Mein Traum beginnt vor vier Milliarden Jahren, als alles noch Urschlamm ist. Blitze schlagen auf der Erde ein, und etwas wird erschaffen. Das Leben ist entstanden. Da sind plötzlich Amöben und Bakterien, unsere Vorfahren. Die Bakterien mutieren zu Fischen. Für die Fische läuft alles gut, Madame und Monsieur Fisch lieben sich, ihre Eier werden von der Strömung davongetragen, manche gehen kaputt, aber das ist nicht schlimm, Madame Fisch kriegt das nicht richtig mit.

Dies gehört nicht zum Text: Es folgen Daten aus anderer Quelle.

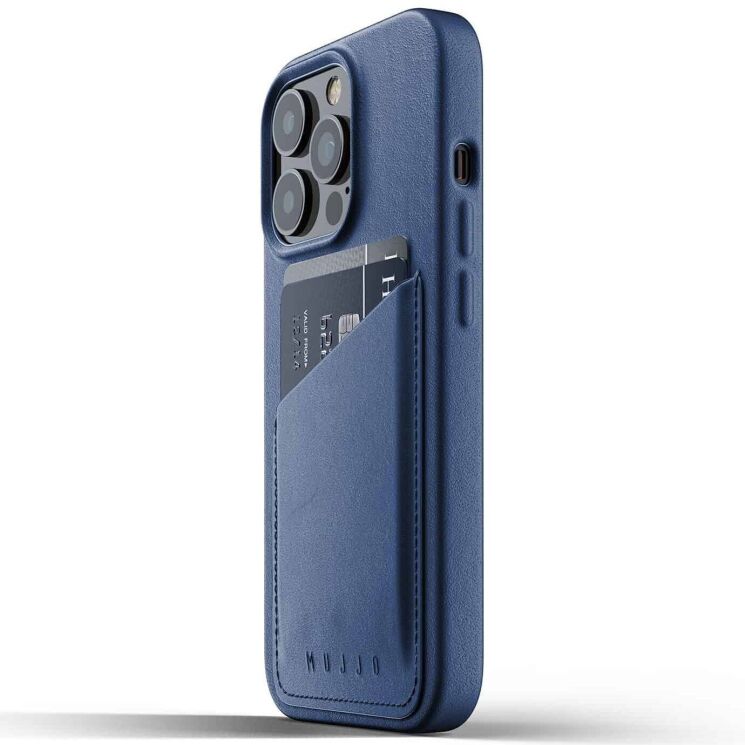 Кожаный чехол MUJJO Full Leather Wallet для Apple iPhone 13 Pro - Monaco Blue: фото 2 из 16
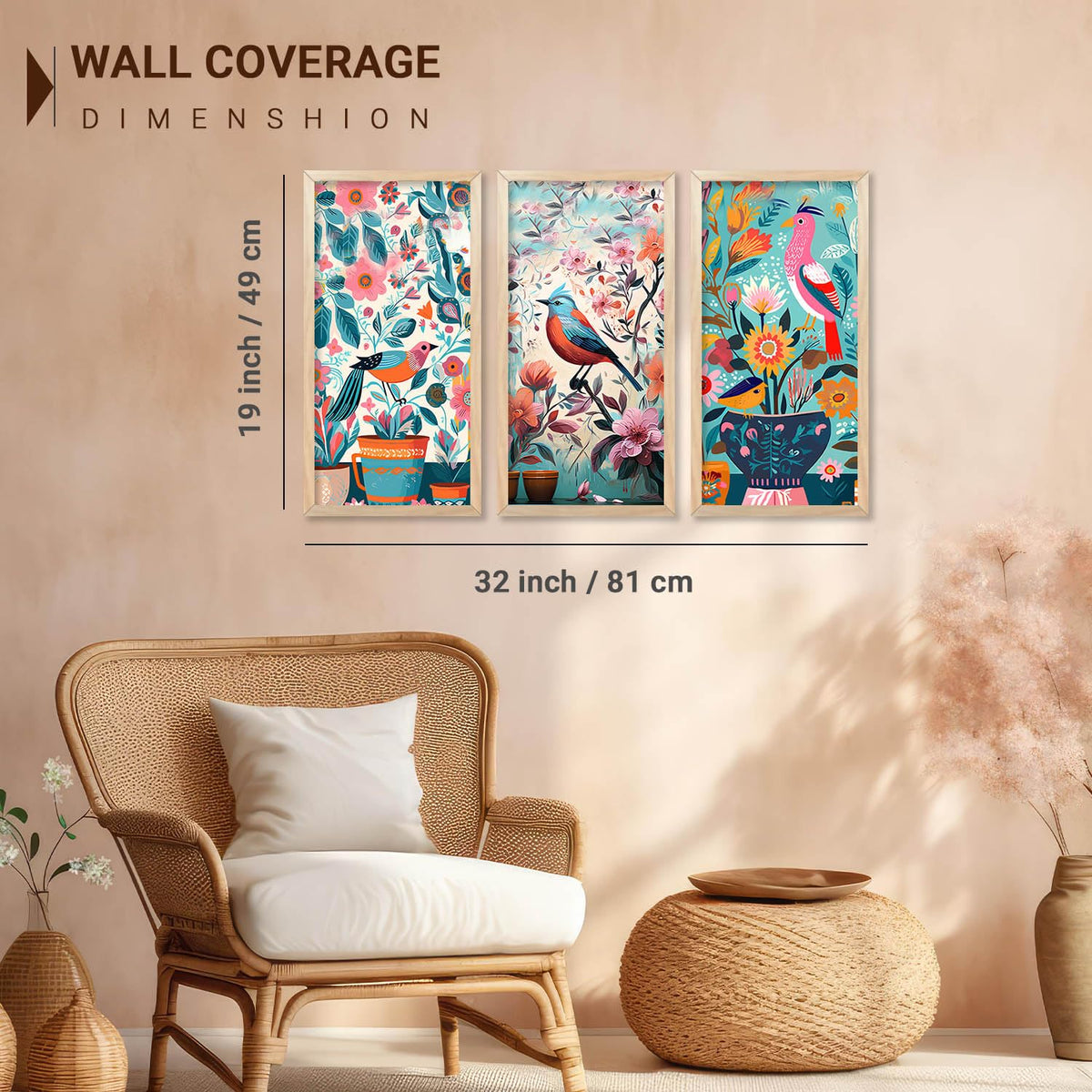 Aesthetic Modern Art Wall Painting Decorative Abstract Home Decoration Frame With For Living Room Bed Room Hotel Wall Decor Digital Reprint Engineered Wood Set of 3 (Art 7, 10x19 inch)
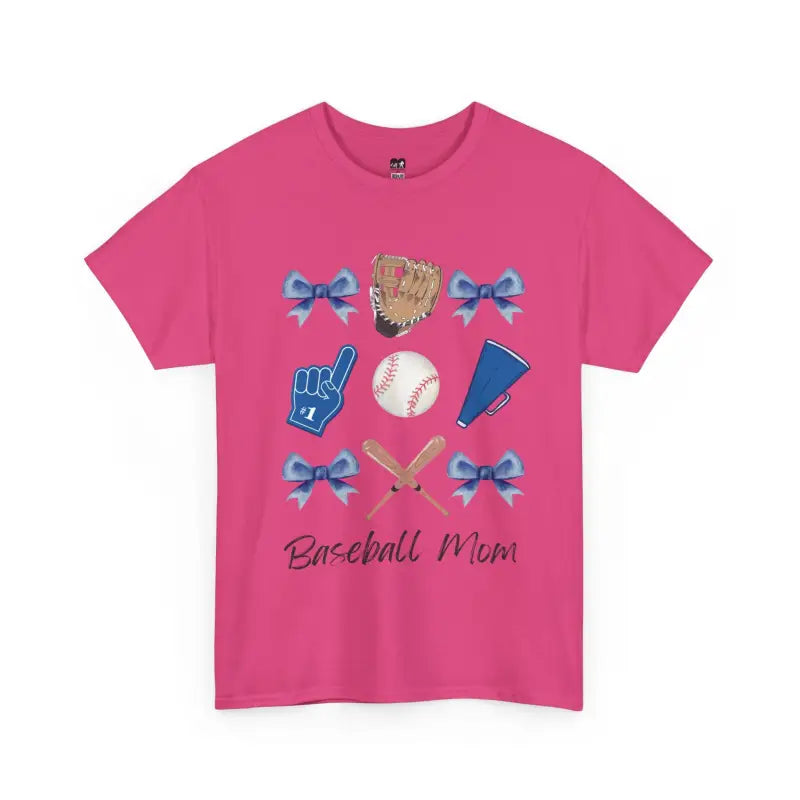 Pink t-shirt with baseball-themed graphics and text reading ’Baseball Mom’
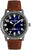 Bracelet de montre pour homme en cuir marron, cadran sombre avec accents bleus, date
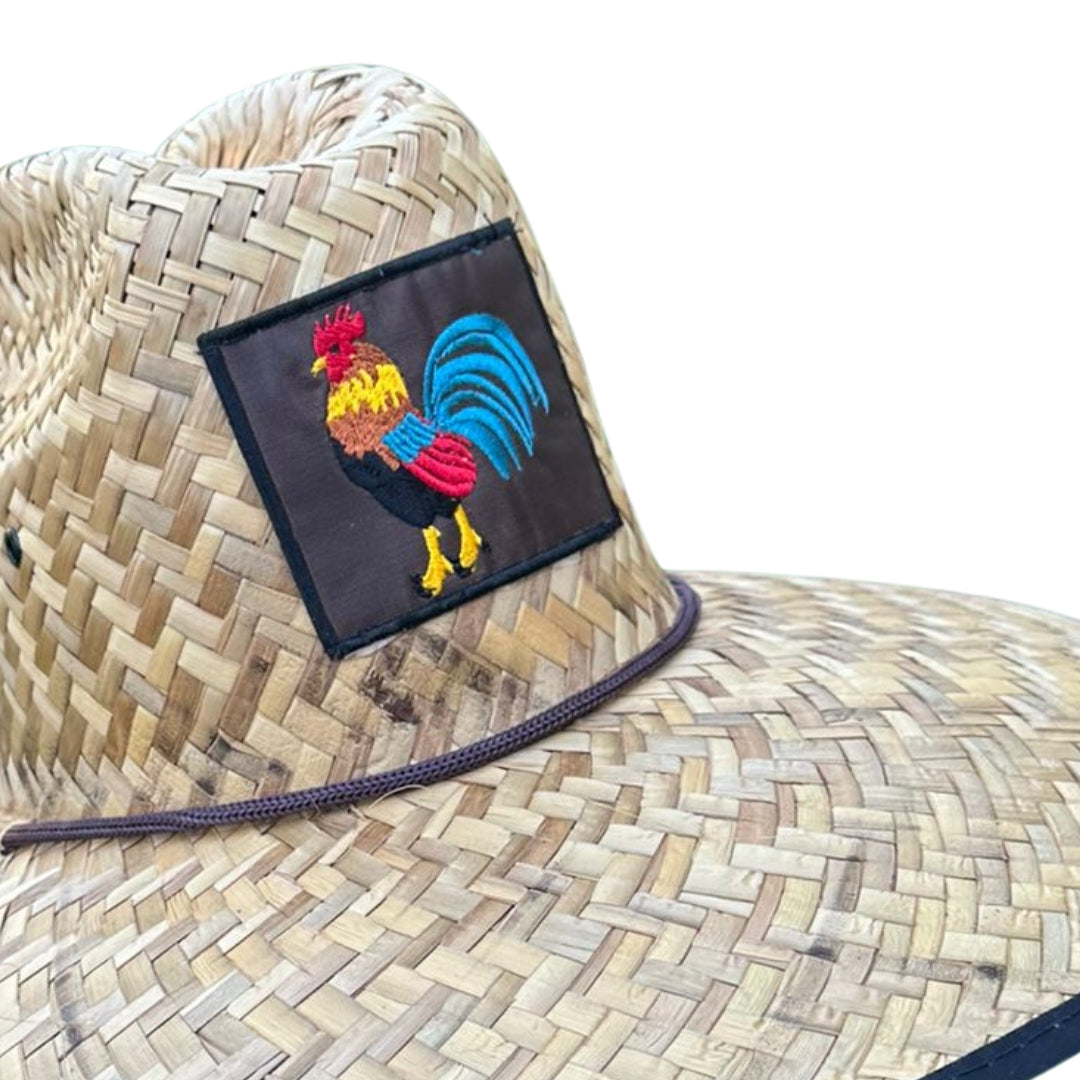 Rooster 🐓 Patch Lifeguard Straw Hat  - CLEARANCE / FINAL SALES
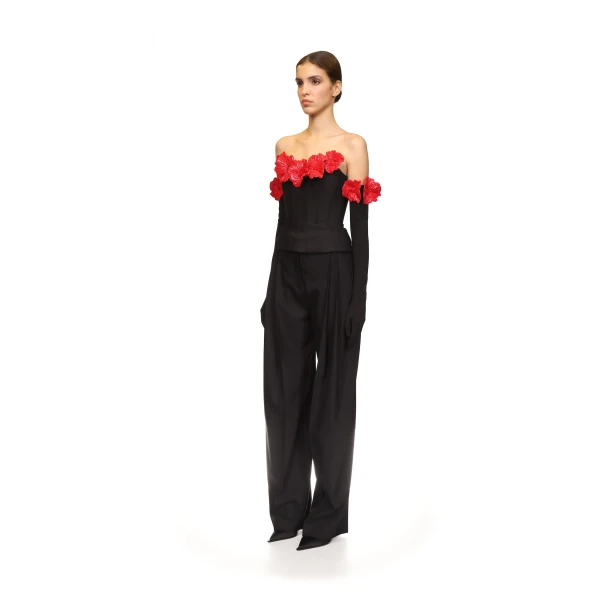 David Koma 3D Flower Corset Top, view 3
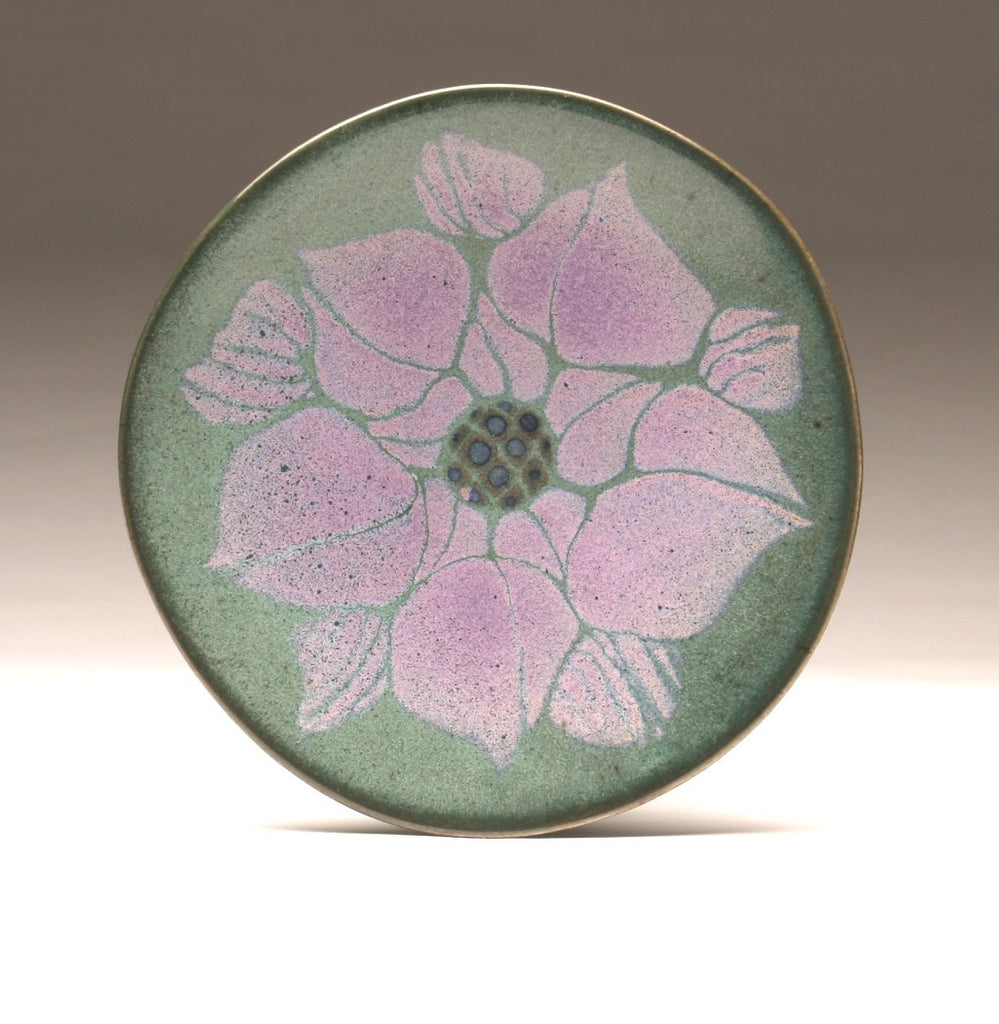 DH016 11" Purple over Teal Flower Platter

Eines Tages werden aus den Fischen Frösche, und mit ihren Füßchen klettern sie ans Ufer, um sich dort miteinander zu amüsieren. Die Eier werden jetzt nicht mehr davongetragen, und Madame Frosch findet das großartig. Wie schön diese Eier sind, denkt sie, wie außerordentlich! Aber sie sehen auch zerbrechlich aus. Also sagt sie zu ihrem Mann: Hör mal, wir müssen diese Eier beschützen. Aber er hat seine eigenen Vorstellungen, was mit diesen Eiern passieren soll, und da alle Männer Lügner sind und er überhaupt nicht sieht, dass seine Frau soeben die schönste Sache der Welt erfunden hat, nämlich die Liebe, die mit der Liebe einer Mutter zu ihren Kindern beginnt, sagt er: Ja, ja, wir werden die Eier beschützen, und zwar indem wir sie besser machen, widerstandsfähig. Wir machen ein Super-Ei! So leben die beiden vor sich hin, sie glaubt, dass ihr Mann die Eier und Kinder so sehr liebt wie sie, und er hat seine Vision von Fortschritt, von Zivilisation.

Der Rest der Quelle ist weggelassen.